Cloud Atlas transitions between six different eras, some of them centuries apart, and explores a variety of genres from screwball comedy to science fiction. The score does the same, morphing in tone in order to suit the needs of each cinematic style. “Sloosha’s Hollow”, a track accompanying the barbaric, post-apocalyptic Hawaii, utilizes cacophonous percussion, ambient synth, and distant vocal whispers that add to the eerie nature of the film’s future-most world. Contrast this with “Cavendish in Distress”, a jaunty, clarinet-heavy piece reminiscent of Henry Mancini’s “Baby Elephant Walk”, reflecting the inherent absurdity of the titular character’s circumstances.

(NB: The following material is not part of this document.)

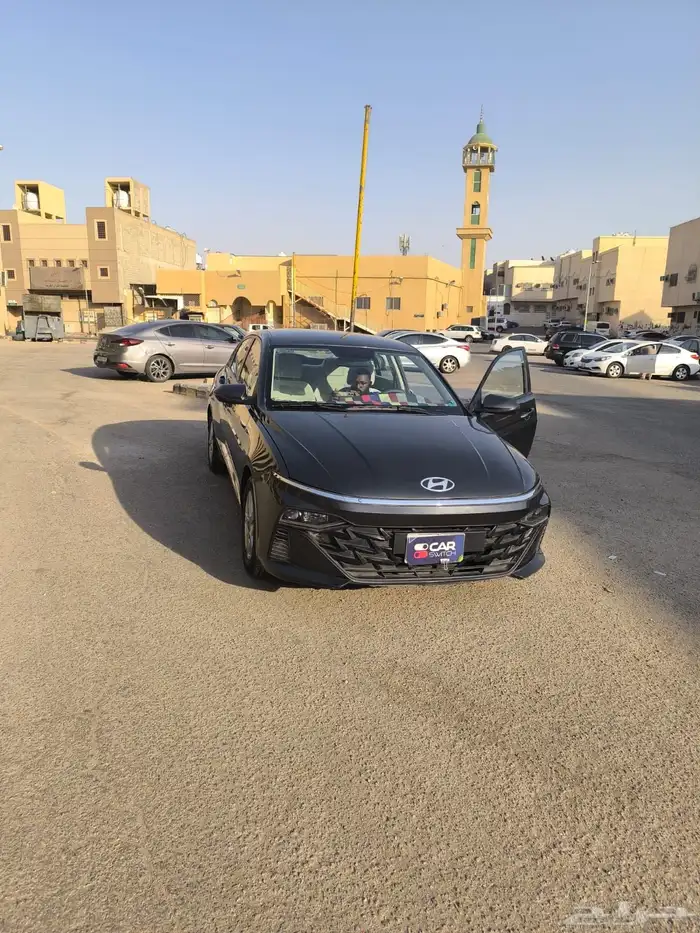 اكسنت موديل 2024 2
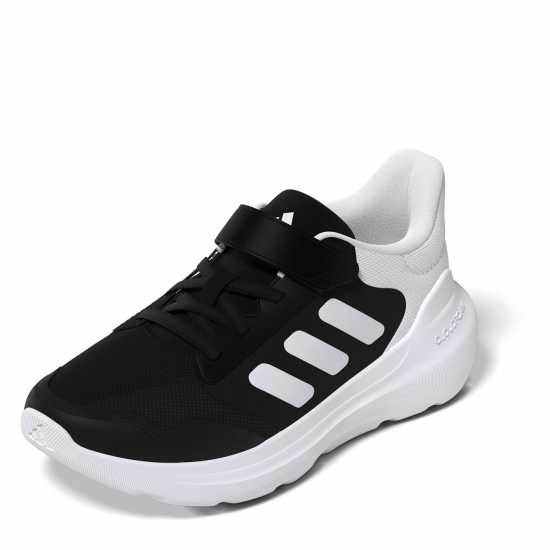 Adidas Детски Маратонки Tensaur Run 3 Infants Trainers Черно/бяло Детски маратонки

What’s impressive about Tykwer and company’s work here is that while they’re able to serve each story with a distinct musical identity, they still manage to create something that sounds unified. The synth in Louisa Rey’s 1970s crime segment may not mesh perfectly with Cavendish’s farcical tale, but they still feel as if they’re a part of something more holistic, which is an incredibly difficult feat to accomplish. The score also works in tandem with the film’s editing, easing in the transitions between storylines. “The Escape” is a rousing piece that exemplifies this by chronicling the clone Sonmi’s escape from her oppressive government while Autua, a slave, proves his worth as a sailor. The film intercuts between these two individuals, separated by three centuries, both fighting for their freedom. The composers provide a tense musical through line that beautifully encapsulates the bound nature of these characters’ journeys.
Although Cloud Atlas’s score reaches out in many different directions, there are two themes that act as musical beacons, appearing in every chapter, grounding the entire universe. The first is heard in “The Cloud Atlas Sextet for Orchestra”, a work written by Robert Frobisher, an English composer and one of the film’s characters. Tykwer and company have written an elegant piece that’s faithful to the time period and flawlessly captures Frobisher’s longing for an emotional connection, something all of the film’s characters experience in their own way.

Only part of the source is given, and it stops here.